0-19 Minority cohort Parental housing
20-24 Student cohort Student housing; parental housing; rented housing; place of work
25-34 Young worker cohort  
35-64 Older worker cohort Rented or owned housing; place of work
25-64 Working age cohort  
65-79 Early age retirees Rented or owned housing; senior living
>80 Later age retirees Senior living; nursing homes
65- Retirees Rented or owned housing; senior living; nursing homes


Comparative demographics

In this essay we look at the major core markets we invest in – the US, UK, Eurozone, Japan, Australia and China – and we observed five major trends: shrinking populations; shrinking working age cohorts; fluctuations in student age cohorts; increasing early age retiree cohorts; and later age retirees becoming an increasingly large part of the retiree cohort. These issues impact each market to a different degree as shown in Figure 1 below:

Our first group of markets is characterised by demographic headwinds. The table shows illustratively that Japan has the worst demographic outlook, and, as we will explain later, even the strong urbanisation story for Tokyo is faltering.

Our middle group of markets is characterised by demographic transition. This includes Eurozone markets such as the Netherlands and France which are currently in a better position than the first group but are deteriorating rapidly over the forecast period. China also sits in this middle group with a stagnating population that is soon to shrink, and an increasing retiree cohort. While these characteristics are similar to those in the weaker Eurozone markets, in a sense they are more concerning because China is yet to become a high-income country – and without the rapid economic growth that rapid population growth can help deliver – China may well be trapped as a middle-income country.

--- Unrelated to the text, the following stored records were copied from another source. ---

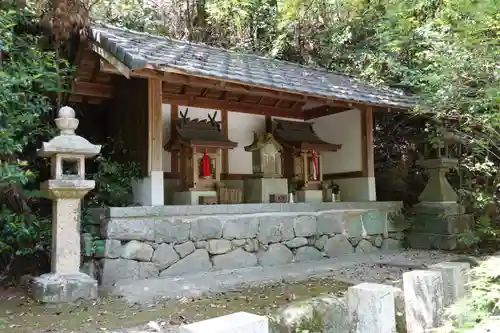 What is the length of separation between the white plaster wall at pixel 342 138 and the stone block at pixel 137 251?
5.14 meters

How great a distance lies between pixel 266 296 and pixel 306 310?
224 cm

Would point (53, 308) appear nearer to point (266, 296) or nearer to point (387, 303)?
point (266, 296)

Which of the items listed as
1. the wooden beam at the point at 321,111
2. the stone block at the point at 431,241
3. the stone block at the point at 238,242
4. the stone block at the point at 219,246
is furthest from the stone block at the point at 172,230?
the stone block at the point at 431,241

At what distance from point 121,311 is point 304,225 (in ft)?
12.2

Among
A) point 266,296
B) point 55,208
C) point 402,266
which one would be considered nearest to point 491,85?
point 402,266

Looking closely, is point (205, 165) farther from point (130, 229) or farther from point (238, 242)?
point (130, 229)

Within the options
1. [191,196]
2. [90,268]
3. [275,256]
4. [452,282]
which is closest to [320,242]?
[275,256]

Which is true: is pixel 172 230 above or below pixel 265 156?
below

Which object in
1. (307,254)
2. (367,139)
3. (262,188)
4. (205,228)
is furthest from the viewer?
(367,139)

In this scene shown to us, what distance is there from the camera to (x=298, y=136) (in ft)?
30.2

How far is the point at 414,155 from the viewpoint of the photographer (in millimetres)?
10742

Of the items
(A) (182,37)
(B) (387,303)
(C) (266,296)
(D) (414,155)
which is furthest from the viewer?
(A) (182,37)

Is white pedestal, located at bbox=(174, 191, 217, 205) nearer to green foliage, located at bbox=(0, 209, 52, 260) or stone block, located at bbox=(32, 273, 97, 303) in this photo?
green foliage, located at bbox=(0, 209, 52, 260)

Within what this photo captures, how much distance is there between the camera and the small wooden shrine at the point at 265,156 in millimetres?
8180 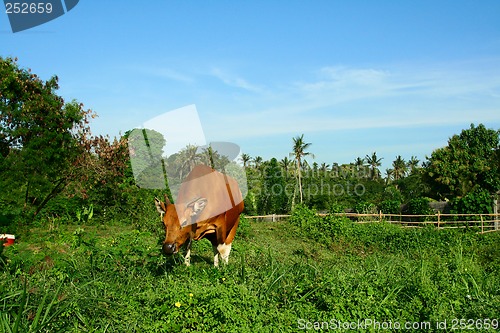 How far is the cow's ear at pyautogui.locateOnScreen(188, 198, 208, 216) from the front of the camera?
714 cm

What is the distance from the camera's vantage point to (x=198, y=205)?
7207 mm

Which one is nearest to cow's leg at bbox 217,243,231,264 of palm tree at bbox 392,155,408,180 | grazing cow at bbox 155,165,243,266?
grazing cow at bbox 155,165,243,266

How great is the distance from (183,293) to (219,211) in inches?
104

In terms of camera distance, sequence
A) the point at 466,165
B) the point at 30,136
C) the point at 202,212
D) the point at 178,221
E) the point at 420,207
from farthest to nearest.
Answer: the point at 466,165 < the point at 420,207 < the point at 30,136 < the point at 202,212 < the point at 178,221

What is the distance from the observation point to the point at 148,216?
59.6 feet

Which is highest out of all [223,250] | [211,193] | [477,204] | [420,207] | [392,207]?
[211,193]

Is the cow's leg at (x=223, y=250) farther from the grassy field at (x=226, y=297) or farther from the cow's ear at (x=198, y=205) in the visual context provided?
the cow's ear at (x=198, y=205)

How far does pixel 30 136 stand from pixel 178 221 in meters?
11.1

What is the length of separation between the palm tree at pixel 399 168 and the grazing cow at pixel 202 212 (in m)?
74.6

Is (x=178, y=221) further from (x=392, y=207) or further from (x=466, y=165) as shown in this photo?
(x=466, y=165)

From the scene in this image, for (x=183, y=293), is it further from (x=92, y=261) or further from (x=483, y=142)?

The Eurozone encompasses a variety of demographic experiences, but in general is half-way between Japan and the UK-Australia and the US. It is characterised by already, or soon to be, shrinking populations (see Figure 2); already shrinking working age populations and an increasing retiree cohort. Within the Eurozone we have placed Italy, Spain, and Germany in the same group as Japan.

Finally, we have the group with the least demographic headwinds, and indeed some tailwinds – demographic resilience. The UK, Australia and the US will not see populations shrink by 2050 – indeed Australia and the US won’t even see working age populations shrink. And, while they will see a rising retiree cohort, those retirees are likely to fall more typically into the young retiree category and, while potentially needing social care, are less likely to need full nursing care. Overall, the US has by far the best demographics of any major market.

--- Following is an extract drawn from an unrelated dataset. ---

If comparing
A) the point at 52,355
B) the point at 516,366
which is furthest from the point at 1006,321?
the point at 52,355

A final note is that our student cohort is quite a small one – a mere five years – and so we might well expect to see fluctuations in growth rates over time. But the amplitude of these swings does vary relative to policy changes that impact domestic and inward migration and – as in China – explicit population policies. Note that it isn’t a straightforward translation from the domestic student cohort to actual demand for student housing though: both domestic participation rates and international student mobility will have arguably a greater impact.
We will explore how each of these five trends might impact our major markets in the rest of this essay in order of most severe headwinds to most beneficial tailwinds.
The summary is as follows:
In our demographic headwind markets, investors should favour strategies that target established large urban population centres which may experience faster population growth than the country as a whole and where the existing market size is sufficient to guarantee strong demand for logistics and residential property. These types of markets will tend to be associated with lower trend economic growth and interest rates, making leveraged core cashflows attractive. But lower trend inflation reduces the attraction of index-linked cashflows: indeed, they may not even be available in those markets. Finally, these markets are likely to be associated with an increasing proportion of retirees that are in the older retiree cohort, requiring nursing care. Accordingly, we would expect to see attractive demographic driven opportunities in both senior living AND higher acuity nursing homes, IF investors are willing to take the associated higher operational risk.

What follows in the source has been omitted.